Sustantivo, adjetivo o adverbio, el encanto puede funcionar para las tres y en cada una adquiere connotaciones diferentes. En general entendemos el encanto como un artificio para atraer o embelesar a un “otro”, independientemente de que haya una segunda intención intertextual, no revelada de forma explícita o manifiesta en primer plano.

         Y sin embargo separar el encanto de lo que configura a una persona es más complicado de lo que parece. Cada individuo viene (es traído) al mundo con un cierto encanto como una herramienta para persuadir o atraer a los “otros9 y generar una complicidad en torno a intereses propios.
         El encanto puede referirse a ciertas cualidades de una persona que generan atracción sobre los “otros”, una especie de encantamiento que podríamos creer sobrenatural en otra época, pero que atienden a una lógica interna, a una psicología que puede explicar por qué determinadas lecturas de una persona nos resultan encantadoras o atractivas.
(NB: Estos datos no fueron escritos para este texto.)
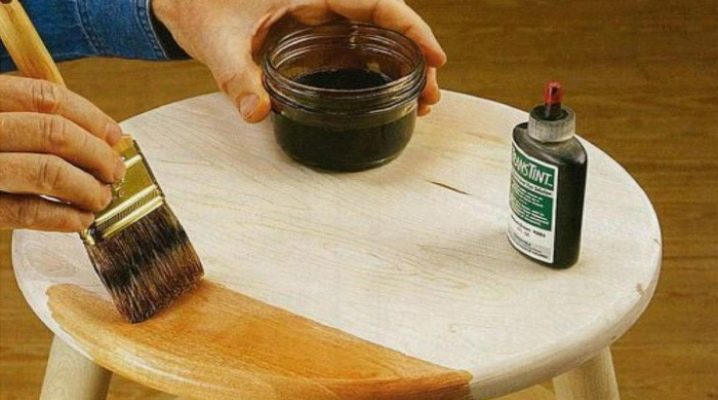  Stain: color palette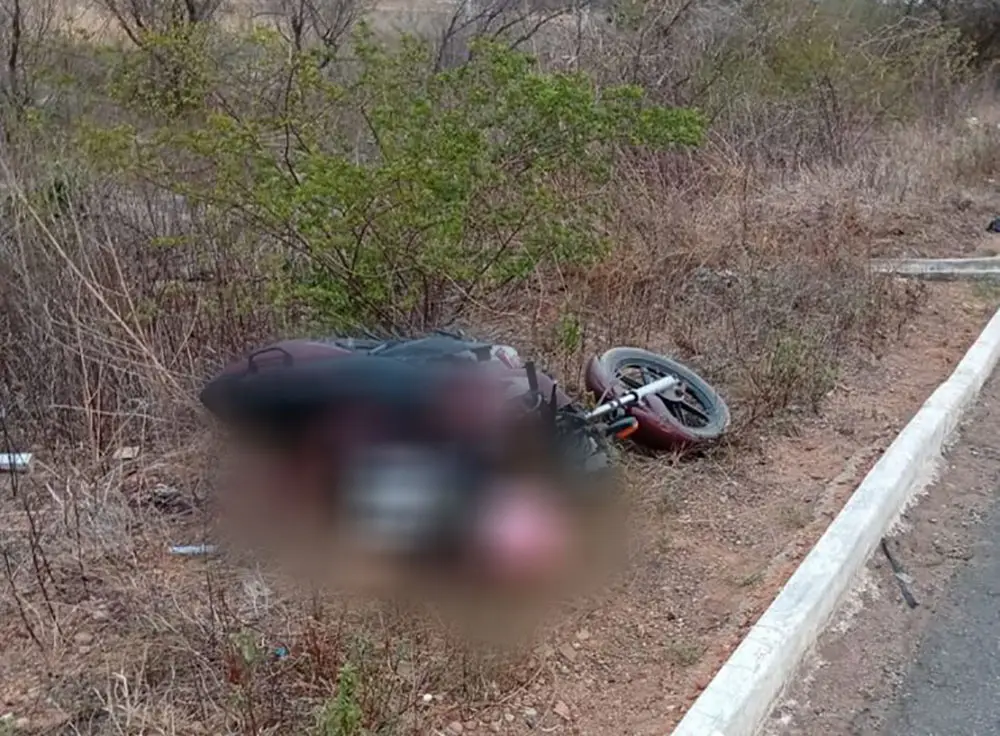 Motociclista morre em acidente na BR-304, em Mossoró Motociclista morre em acidente na BR-304, em Mossoró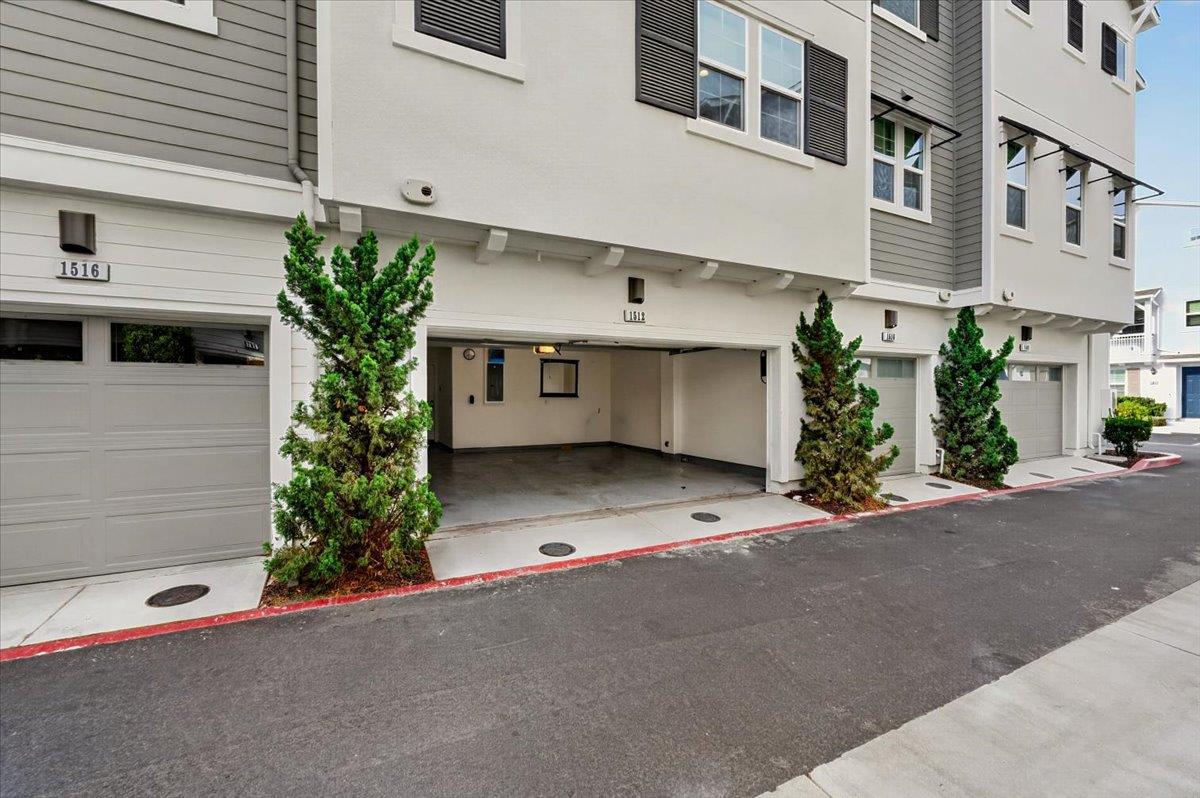 1512 Coffee Berry Lane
         De hecho una de las acepciones del encanto se refiere al atractivo físico de una persona y esa conexión se vuelve más fuerte e intensa cuando el vínculo involucra deseos y aspiraciones propias. Pensemos en alguien con un fetichismo, algo básico, como la atracción por los pies.
         Alguien que posea el encanto de unos pies atractivos para un “otro” establecerá cierto vínculo que, conforme se acentúe la dinámica, impedirá salir del círculo de dependencia sobre la atracción. Pensaríamos en la posibilidad de poderes mágicos, aunque realmente se trata de una cualidad física de quien atrae y produce el encanto.
         Se trata de ganar la voluntad de alguien por dones naturales como la hermosura, la gracia, la simpatía o el talento, cualidades que pueden llevar a entretener al “otro” con razones aparentes o engañosas y aprovecharse de ese estímulo en la psique de quien recibe el estímulo del encanto.
         Alguna vez fui joven. No era bella lo que se dice hermosa, pero tenía mis cualidades. Encantos, quizá, para quienes tenían tan baja autoestima que se dejaban manipular por mis palabras. Y no se trataba siquiera de un hechizo mítico como la Circe retratada en la Ilíada y la Odisea. Era mi capacidad discursiva y de persuasión.
         Pero la palabra es efímera y el encanto que tal vez pude desplegar en una urdimbre con puntadas de fantasía en algún punto desaparecerá, cuando suceda lo que ha de suceder, en el momento que mi nombre vuelva al silencio del que vino.